Assistant Professor of History
Westminster College, Salt Lake City, UT
I'm a modern European and comparative historian interested in sacred spaces and ecology, public memory, Catholic orders, religious communities in socialism, and how people interpret the supernatural.
I teach a variety of courses that cover topics from global coffeehouses to Truth and Reconciliation.
I'm passionate about social justice, interdisciplinary and inclusive learning. I encourage students to think critically about the way the past has shaped contemporary issues and challenges we face. My hope is that my courses will inspire students to contribute to their local communities in meaningful and transformative ways.
Research and Publications
Sacred Spaces in Socialism: Catholics, Cloisters, and Charity in East Germany
Photo Courtesy of the Archives of the Sisters of St. Elizabeth, Berlin
Exile and the Ecology of Home"
Photo Courtesy of Fortepan/ Jezsuita Levéltá
Germany's Hungary: Culture and Ecology at Lake Balaton
From wellness tourists of the late nineteenth century to Communist Party leaders in the 1970s, Lake Balaton, Central Europe's largest lake, has attracted a variety of travelers, especially Germans and Austrians. It has even been used as a retreat for religious communities and a destination for pilgrims. My second major project examines the changing cultural, religious, and ecological landscape near Balaton.

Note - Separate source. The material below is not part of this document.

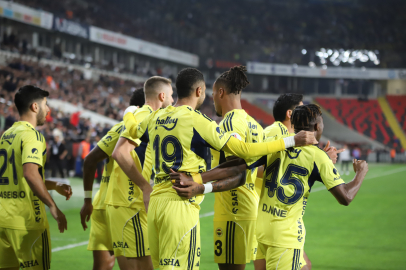Fenerbahçe Gaziantep’te fırtına gibi esti: 4-0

Photo Courtesy of Fortepan/ Karabélyos Péter (1912)
Resources for Teaching
What we do in the classroom matters. As educators, we make a decision to contribute to or work against democracy and healthy civic engagement.
Below is a growing collection of articles, blogs, and books that influence my teaching and scholarship. If you have anything regarding pedagogy and inclusivity that I should add, don't hesitate to reach out!
The Inclusive Historian's Handbook, produced by the National Council on Public History and the American Association for State and Local History offers resources that support inclusive practice.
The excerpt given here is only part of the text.